Văn Lâm also located on many national routes and power lines, which has a strategic range of the Northern Vietnam. Such as : National Route 5A, inter-provincial roads of Hưng Yên - Bắc Ninh and Hà Nội - Hưng Yên, Hà Nội - Hải Phòng Railway and Ring Road IV. Besides, Phố Nối 500KV Transformer Station is the largest power supply point in the whole province.

===Population===
The population of Văn Lâm rural district reached 135,766 by 2021. In terms of administrative procedures, all citizens in the rural district are registered as Kẻ Kinh.

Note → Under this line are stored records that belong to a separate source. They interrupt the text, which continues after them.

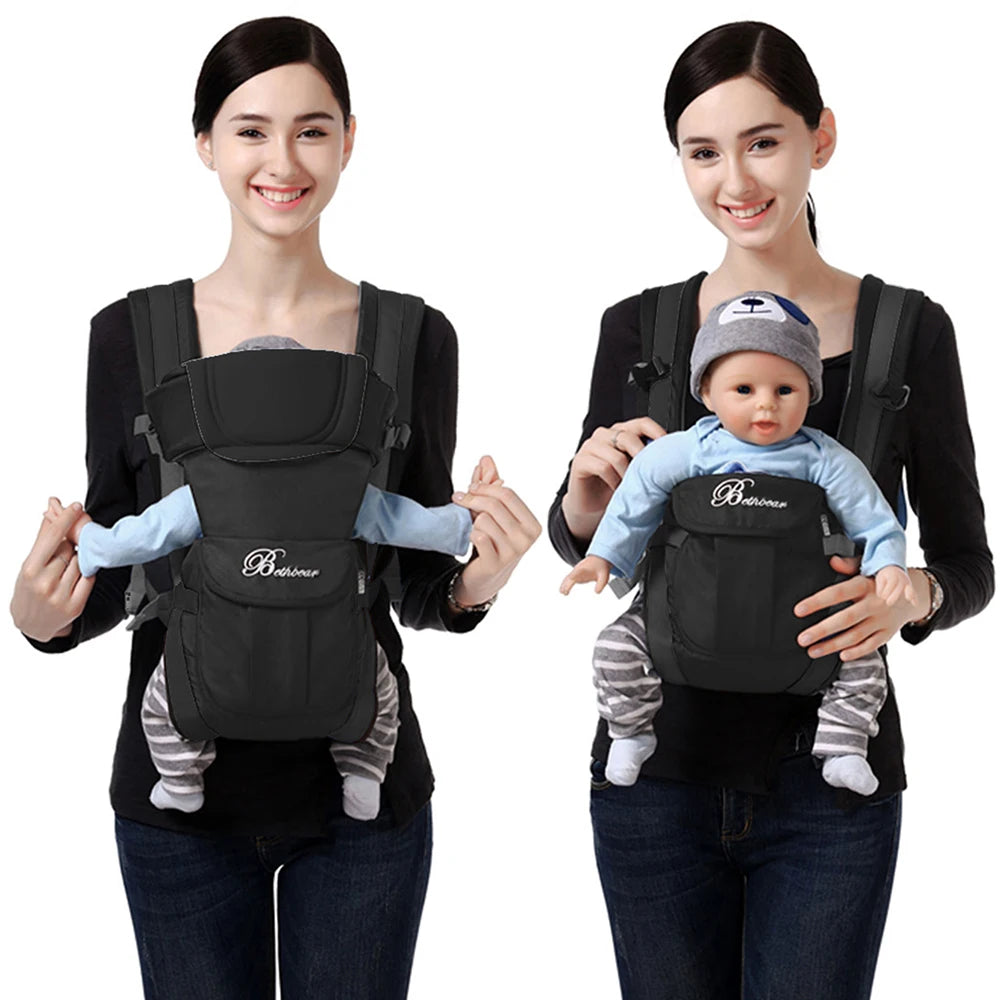 SpineComfort™, 4-in-1 Ergonomic Baby Backpack Carrier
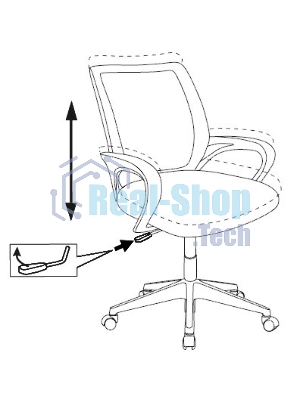 Кресло Бюрократ CH-W695NLT TW-03A TW-18 салатовый, сетка/ткань, 120 кг, механизм качания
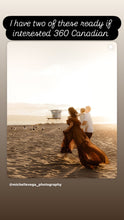 Load image into Gallery viewer, Ready to ship show off those shoulders dress sheer rusty brown chiffon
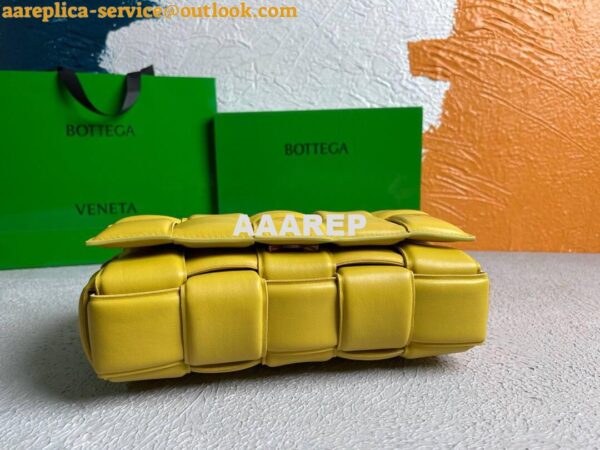 Replica Bottega Veneta BV 20206 Chain Cassette 631421 Lemon Yellow Gold 4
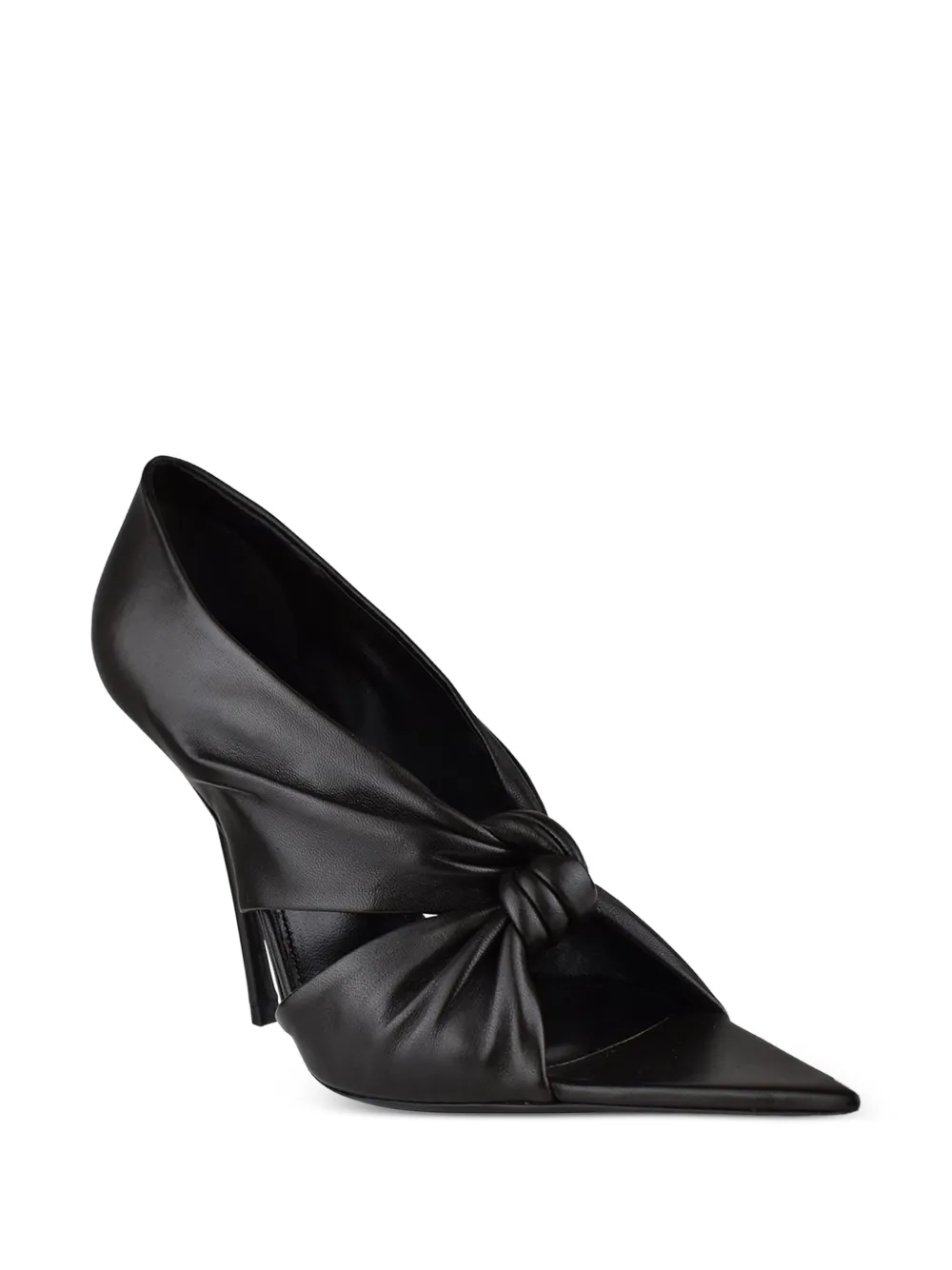 Saint Laurent Malika sandalen met gestrikt bandje Bruin
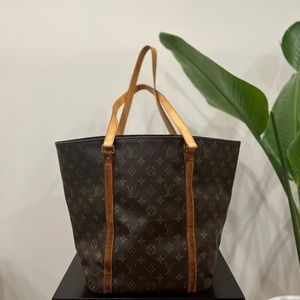 Louis Vuitton Vintage Monogram Sac Shopping Tote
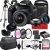 Canon EOS 2000D (Rebel T7) DSLR Camera with 18-55mm f/3.5-5.6 Zoom Lens, 64GB Memory,Case, Tripod and More (28pc Bundle)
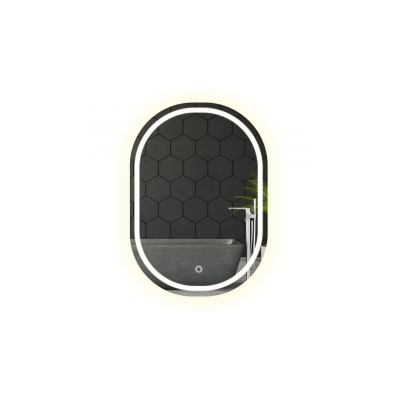 Огледало овално 80х60см LED HOM-02835
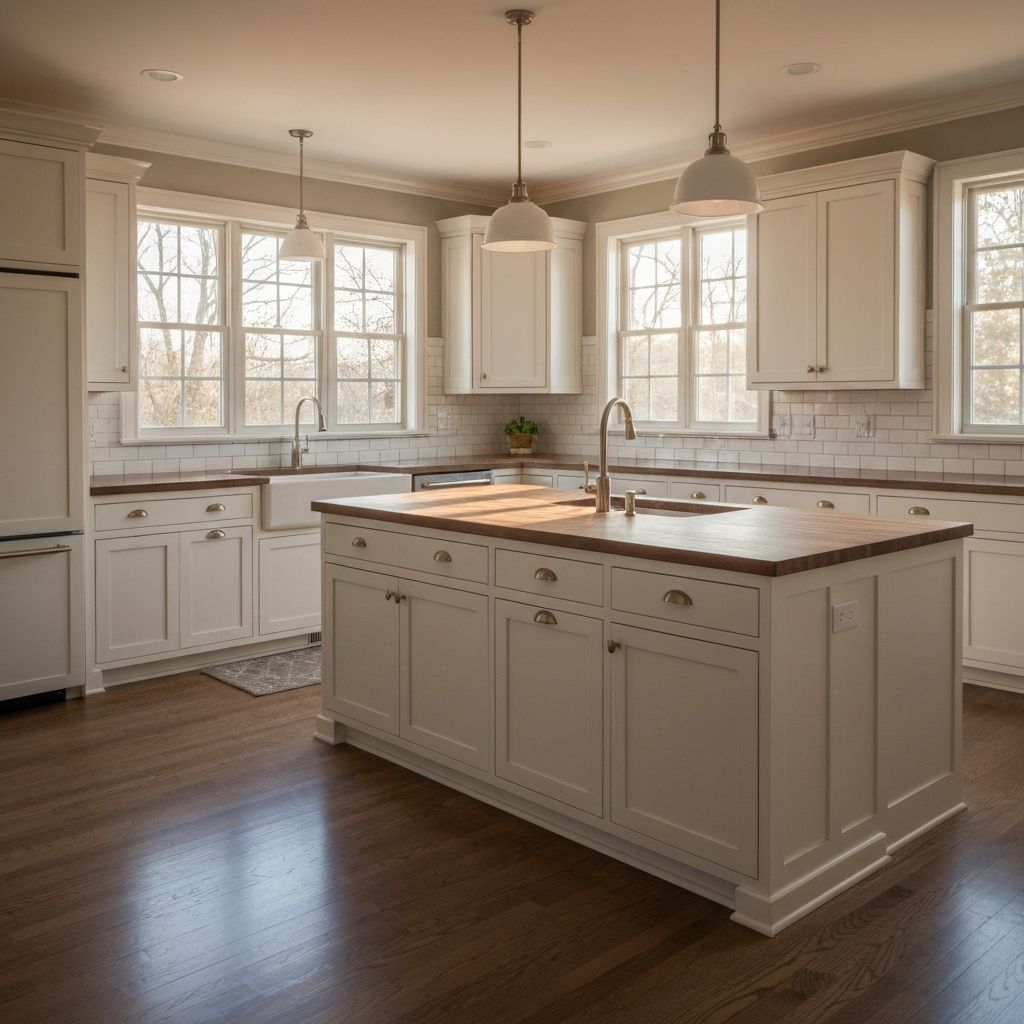 Custom farmhouse kitchen remodel completed by Wilbur's Home Remodeling in Eau Claire, Wisconsin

Văn Lâm rural district is originally in the area of the Bắc Ninh Diocese since 1883, but it was not until 1926 that a small parish area (now Đình Tổ P. and Hướng Đạo P. A. (Note: Giáo xứ Đình Tổ (xã Đại Đồng) & giáo họ Hướng Đạo (xã Lạc Đạo) & giáo điểm Hành Lạc (thị trấn Như Quỳnh), giáo hạt Bắc Ninh, giáo phận Bắc Ninh.)) was established and so far this community is still the only parish of the whole district. Đình Tổ Parish is part of the Bắc Ninh Deanery, what is completely located in Đình Tổ hamlet (or Tó village) of Đại Đồng commune, in Lạc Đạo commune and Như Quỳnh township. There were all 326 parishioners until 2024. Their patron saints are Francis Xavier (Đình Tổ) and Anthony of Padua (Hướng Đạo). The current priest is Bishop Joseph Đỗ Quang Khang, who was ordained on December 23, 2023.